A361088 : table of tau signatures

I tentatively propose that sequence, I hope it will be accepted.

m(n)

I was able to adapt some existing code to calculate m(n) as defined in a309981.txt fairly efficiently; however my results do not fully agree with those of User:Jon E. Schoenfield, so I have emailed him with a request to help resolve the discrepancy.

To my mind, establishing a particular value of A309981(n)=k involves both a proof that t(n,k) is unique and a proof by counterexample that t(n,k-1) is not unique. I intend therefore to propose m(n) as a new sequence to serve as a reference set of such counterexamples, once the discrepancy with Jon Schoenfield's results has been resolved. Hugo van der Sanden (talk) 08:24, 8 April 2023 (EDT)

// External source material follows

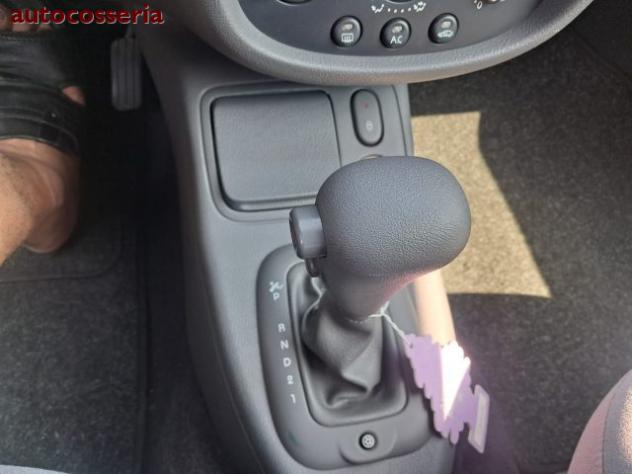 RENAULT Clio 1.2 automatica rif. 23914557 - Foto 8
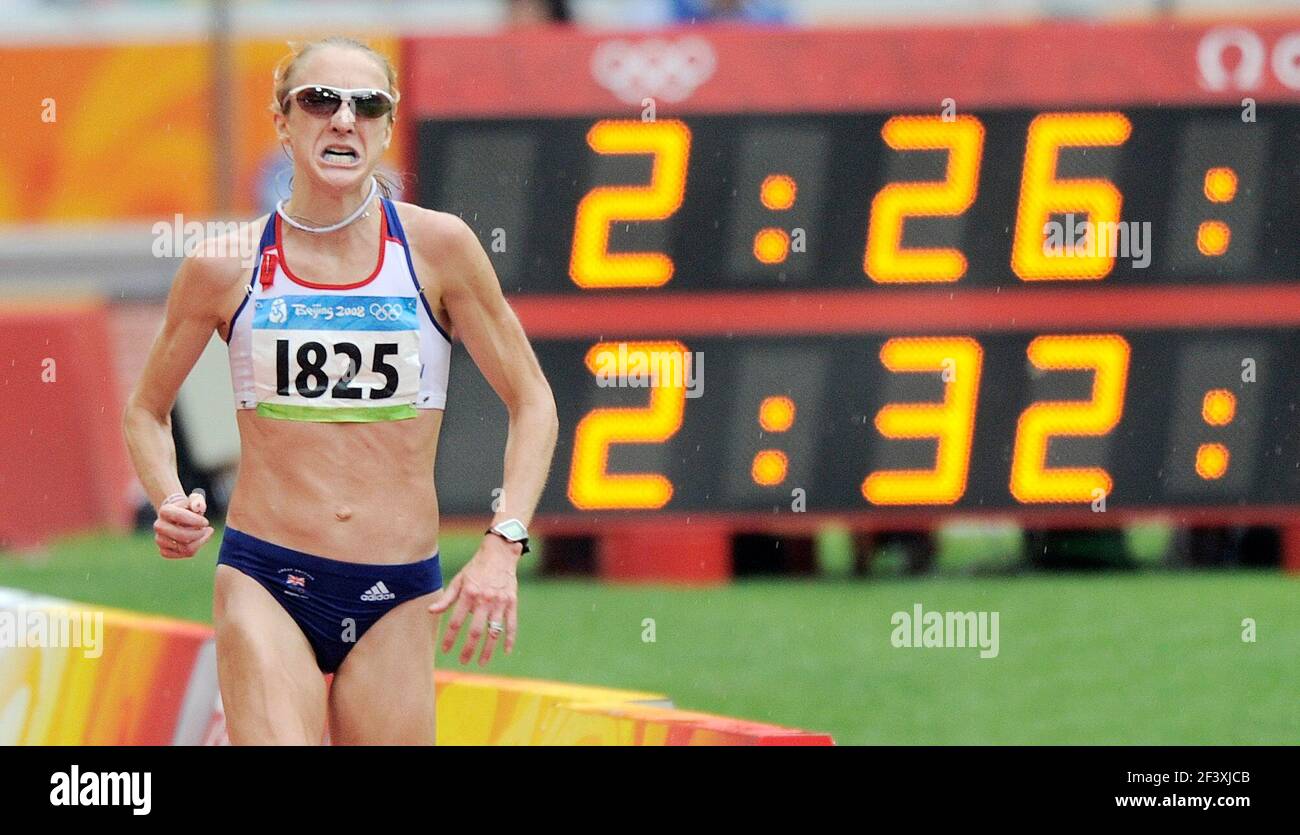 OLYMPISCHE SPIELE PEKING 2008. 9th TAG 17/8/08. FRAUEN-MARATHON. PAULA RADCLIFFE KOMMT AUF FINNISCH 23RD. BILD DAVID ASHDOWN Stockfoto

I agree, I have already 2 days ago submitted a comment that I find, e.g., m(40) = 136 instead of the very large number given there. NJAS has withheld the comment from publication and wants to wait for an answer by Jon S. I had previously written to Jon S. but learned only today that he was busy due to a private problem and therefore hadn't dealt with his mails in recent days. I also planned to add the column m(n) e.g. in the examples section of the sequence; and I think we should also have the table giving the signatures t(n), I submitted that as https://oeis.org/draft/A361088. MFH 21:07, 8 April 2023 (EDT)
PS: specifically, with the above ("better") PARI program, if you type
gp > signature(40)
 %3 = [8, 2, 8, 2, 6]
gp > signature(40, %[^-1]) \\ or use: mapget(signatures, %[^-1])
 %4 = 136

A309981(49)

This seems to be the first case that relies on a Pell equation. Can someone clarify how we prove that A309981(49) = 2? Trying out the first few prime solutions to the Pell equation x^2 + 1 = 2y^2 suggests that perhaps it is guaranteed that x^2 + 2 is always divisible by 51 in those cases (which would be sufficient for a proof), but I do not know if that is true and provable. Hugo van der Sanden (talk) 14:12, 9 April 2023 (EDT)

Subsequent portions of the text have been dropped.